(Image-text web data)
+ + + + +
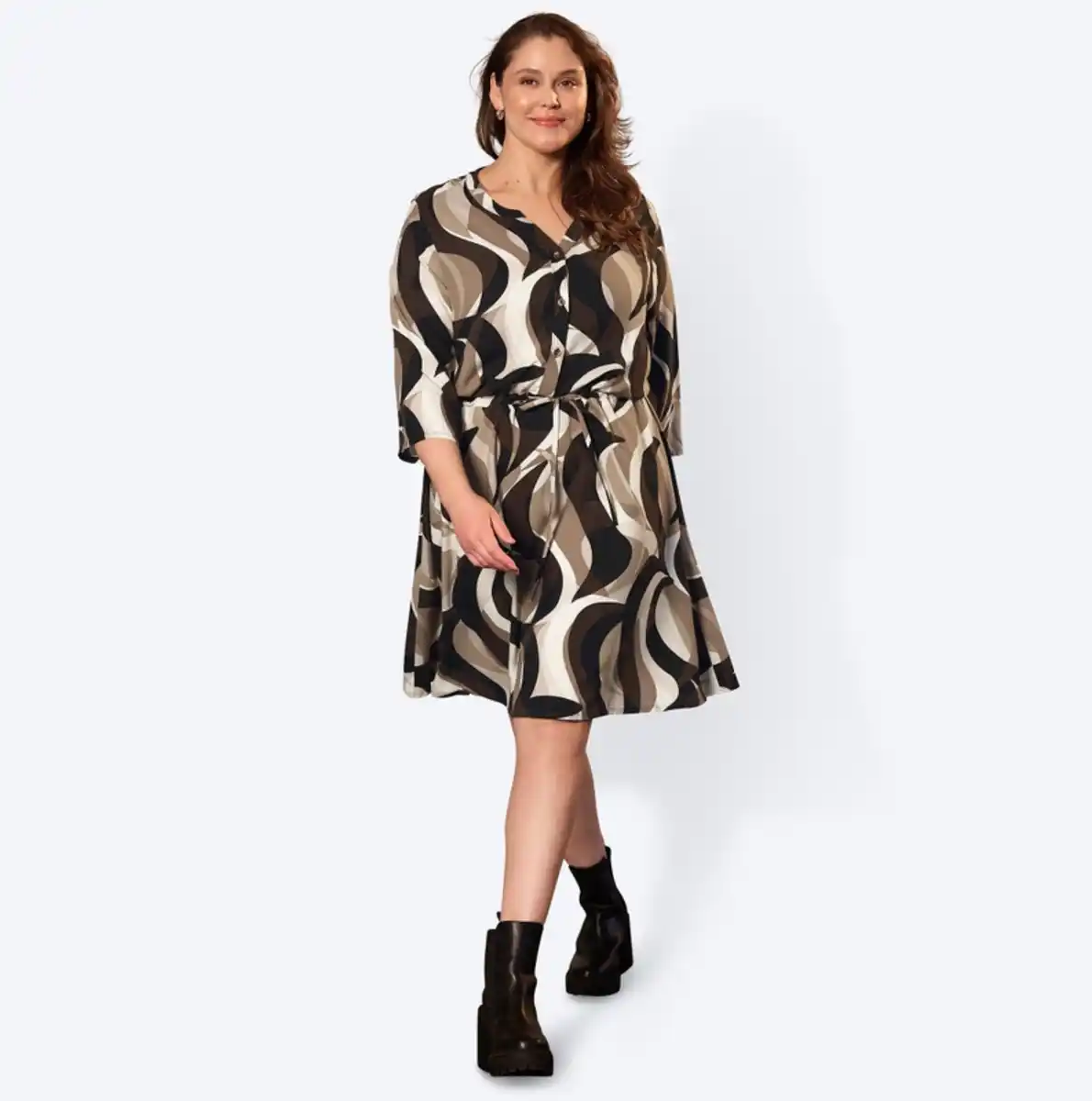 Bild 4 von Damen-Kleid aus Viskose, große Größen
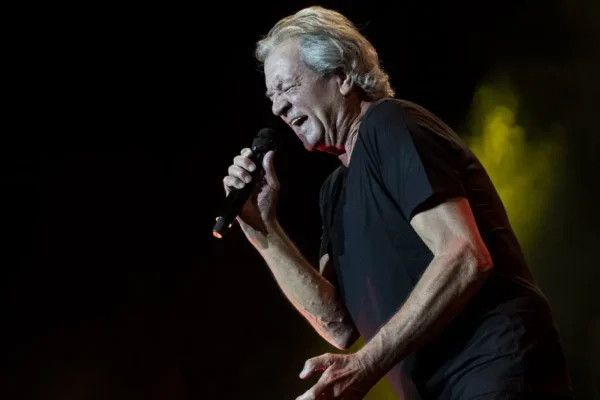 Rocker Ian Gillan Has 30 Percent Vision Left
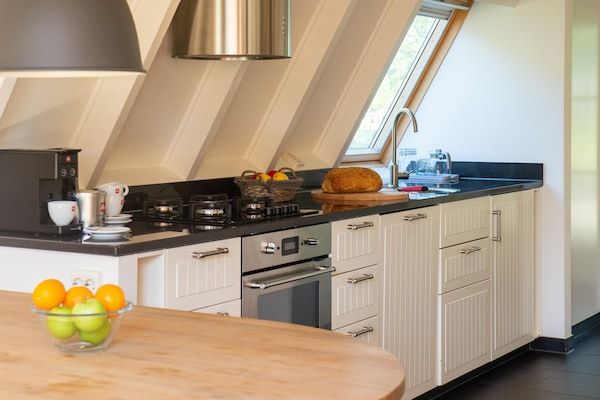 Keuken - Villa Retreat met Huisdieren in Hellendoorn (3)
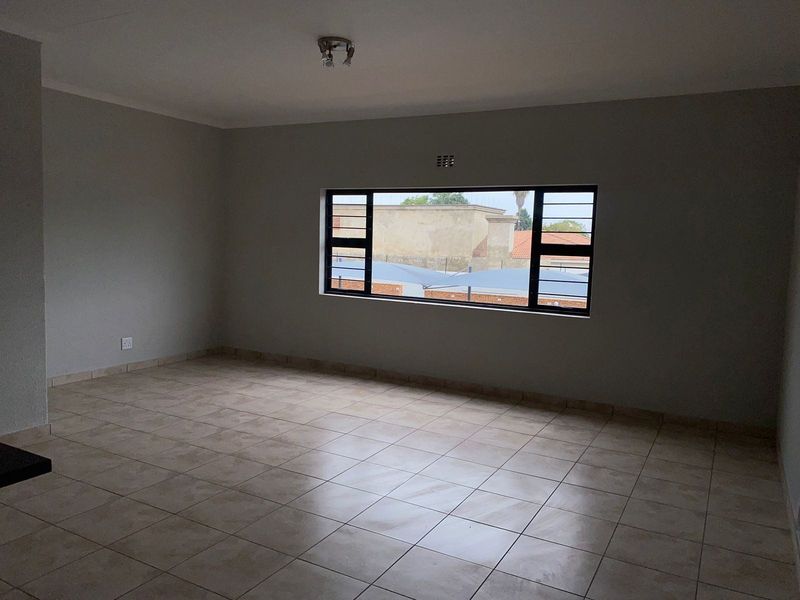 Apartment For Sale In Boksburg - Photo 10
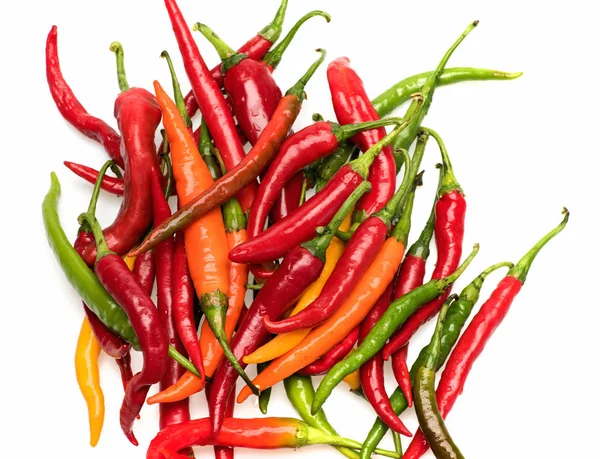 Kleurrijke verse groente, capsicum, kille sambal geïsoleerd op witte achtergrond — Stockfoto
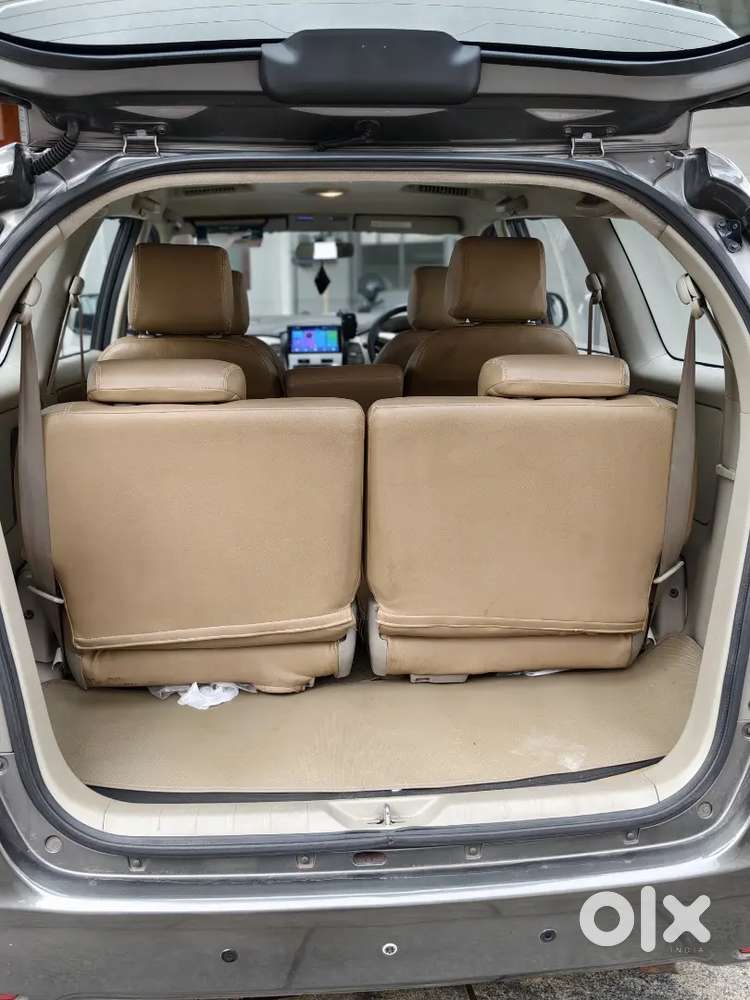 Toyota Innova 2014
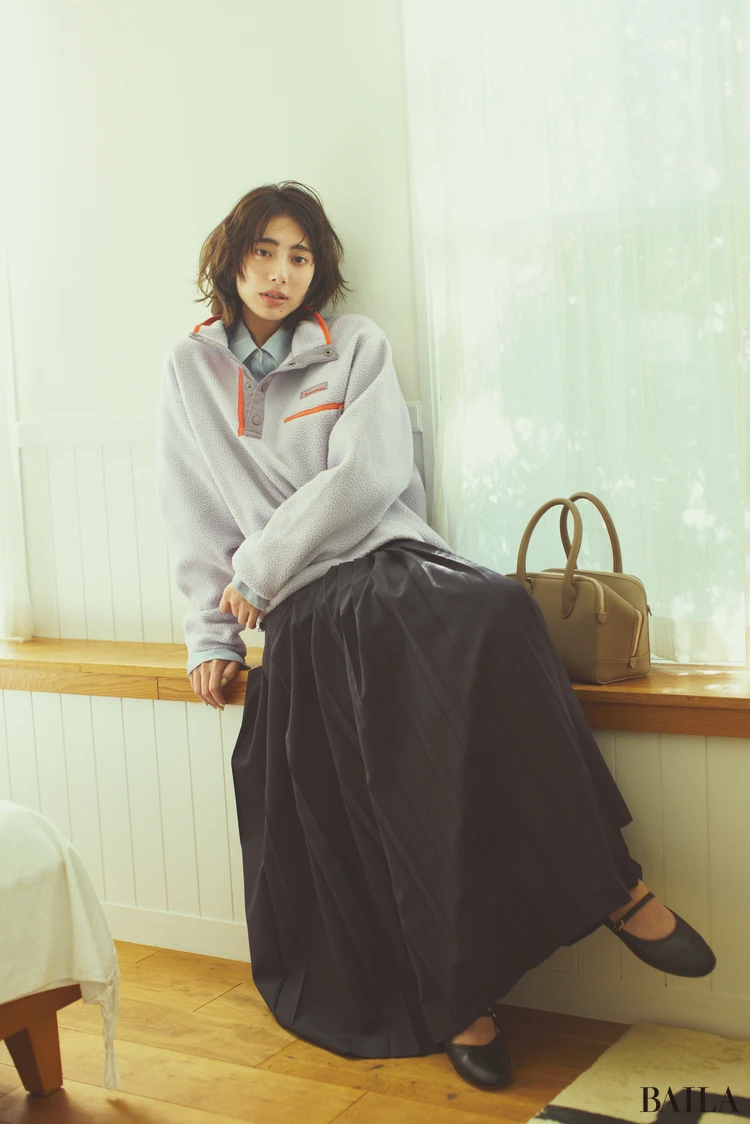 コロンビア 「ウィメンズヘルベチアII クロップドハーフスナップフリース」モデル着用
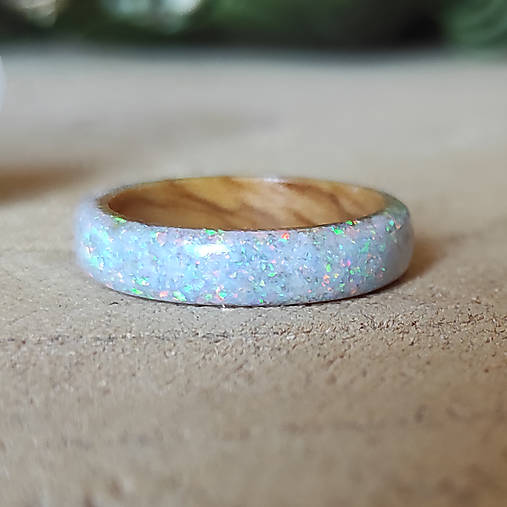 Prstene - Prsteň z opálov a olivy - 17586571_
+ + + + +
Transcribe each entry above character for character, omitting pictures.

## Solution to the problem
 Bild 4 von Damen-Kleid aus Viskose, große Größen
 Rocker Ian Gillan Has 30 Percent Vision Left
 Keuken - Villa Retreat met Huisdieren in Hellendoorn (3)
 Apartment For Sale In Boksburg - Photo 10
 Kleurrijke verse groente, capsicum, kille sambal geïsoleerd op witte achtergrond — Stockfoto
 Toyota Innova 2014
 コロンビア 「ウィメンズヘルベチアII クロップドハーフスナップフリース」モデル着用
 Prstene - Prsteň z opálov a olivy - 17586571_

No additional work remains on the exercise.